Well, assuming it takes off which I don't think it will. If this stuff is truly "close to the core" as the Mantle name and marketing hype claim, then it'll only work so long as they stick with the CGN architecture. It won't work with any large architecture changes. So that means that they either have to stick with GCN forever, which would probably cripple their ability to make competitive cards in the future as things change, or they'd have to abandon support for Mantle in newer cards, which wouldn't be that popular with the developers and users that had bought in. I suppose they also could provide some kind of abstraction/emulation layer but that rather defeats the purpose of a "bare metal" kind of API.
I just can't see this as being a good thing for AMD in the long run, presuming Mantle truly is what they claim. The whole reason for things like DirectX and OpenGL are to abstract the hardware so that you don't have to write a render for each and every kind of card architecture, which does get changed a lot.
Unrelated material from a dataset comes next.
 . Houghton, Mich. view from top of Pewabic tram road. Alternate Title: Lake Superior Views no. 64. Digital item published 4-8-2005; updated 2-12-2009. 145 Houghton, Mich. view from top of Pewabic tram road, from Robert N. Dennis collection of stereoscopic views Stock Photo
If Mantle is tightly tied to GCN then that screws all that over.
So either this is a rather bad desperation move from AMD to try and make up for the fact that their CPUs have been sucking lately, or this is a bunch of marketing BS and really Mantle is a high level API, but just a proprietary one to try and screw over nVidia.
1. Re:Seems like it'll screw them in the long run by higuita · 2014-01-30 23:55 · Score: 2
  
  Don't forget that all new consoles today are using AMD cards, so the game developers are using mantle for those, they would also can do that to PC with little change
  
  --
  Higuita
Re:Well by Bengie · 2014-01-30 09:56 · Score: 2

Even Mantle is single threaded
Single threaded per queue and you can create as many as you want per application. During setup, you create all of the queues you want to use, then register them. Once registered, the GPU can directly read from the queue instead of making a system call. This pretty much removes those pesky 30,000 clock cycle system calls. Kaveri goes a step further and registers queues directly with the hardware, because each queue item is exactly one cache line in size and the APU shares the cache-coherency and protected memory, the latency between the CPU and GPU is about the latency of the cache, which is around 10ns.

Because prior to Mantle, system calls were used, a 10ns communications latency was completely dwarfed by the 30,000 cycle system call. Now we're getting along the lines of 0 call overhead and 10ns latency. Obviously the GPU must have free resources to start working and some code may need to be ran in order for the GPU to schedule, but the main point still remains.